This Friday, well-known industry labels like Tibi, Milly and John Patrick, Huffington Post and WWD fashion writers, Parson’s faculty members, trend spotters and marketing gurus will all gather at Manhattan’s renowned Fashion Institute of Technology to discuss something they all know best: fashion “Behind The Seams.”
Working in partnership with the internationally recognized MAGIC Marketplace and MAGIC Sourcing, AFINGO.COM (the sponsor of the forum) will donate a portion of proceeds to the Save The Garment District, an organization to help preserve New York City’s vibrant, vital apparel production neighborhood and the business retail on it. Not to mention, retaining a part of the city designers desperately rely on.

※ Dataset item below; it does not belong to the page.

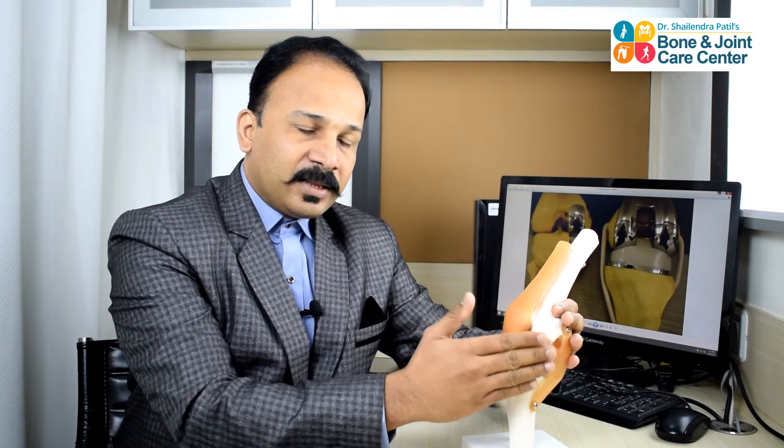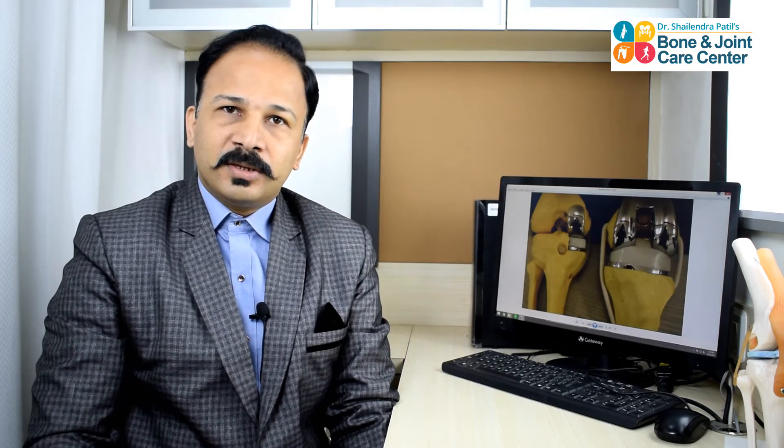If the arthritis is only limited to the inner compartment, then these patients are the right candidates for a partial knee replacement. So if the patient is at a stage of arthritis where only one compartment of the knee is affected, such patients are the right candidates for partial knee replacement surgery. Let us understand what we do in this surgery.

I caught up with Afingo founder and CEO, Liza Deyrmenjian this week and asked her some questions regarding sustainable designer’s growth in the fashion industry. As Deyrmenjian has created the fashion industry’s first-ever online sourcing site (Afingo) offering “all skills and services of development and production,” (not to mention being a serial successful entrepreneur), we thought it only right to ask her a few questions before the show even got started.

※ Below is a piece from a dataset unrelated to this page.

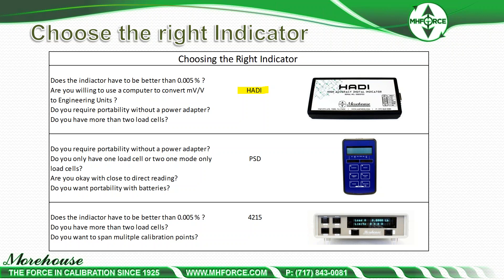Most load cell companies are not making their own indicators. Then there's the portable battery unit — do you want something portable without a power adapter? Do you only have one or two load cells? Are you okay with close-to-direct reading? Close-to-direct reading is not as good as direct reading — you will have additional error to compensate for. That's usually when someone gets into an accuracy statement of 0.1% of full scale, and then you get into risk and guard bands. Do you want portability with batteries? Do you want something that's just real easy — take it out of the box and grab a measurement? Then handheld meters are something you may want.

Here’s what she had to say.
What are some common mistakes designers make?
Young designers many times don’t know who their target market is; They have not yet defined her or him.
Is it harder for a sustainable designer to launch than a non?

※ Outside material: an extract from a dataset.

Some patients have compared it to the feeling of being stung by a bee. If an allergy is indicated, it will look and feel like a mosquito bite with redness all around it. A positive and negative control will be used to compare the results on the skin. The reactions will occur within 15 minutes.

It is harder if you are doing it purely for the fad, meaning eco is green and “green is the new black” for some fashion designers. Unless you really care about sustainability, whether it is sustainable fabrics or environmentally sound manufacturing it won’t ring true in the marketplace. Environmentalism is attractive economically for a designer but they need to design around it, from the ground up.
When it comes to trend forecasting, how much should a designer listen and how much should they just go with their gut and design what just makes sense?
That is a great question because “listen” is the keyword. I have always believed musicians are the true poets of our time, and they interpret and share the news and events from distant locations far sooner and more meaningfully than our traditional media. Music will tell you what trend is coming. From Madonna in the 80s to Kurt Cobain and grunge in the 90s, they were famous with lace gloves and plaid flannel shirts long before masses were wearing them.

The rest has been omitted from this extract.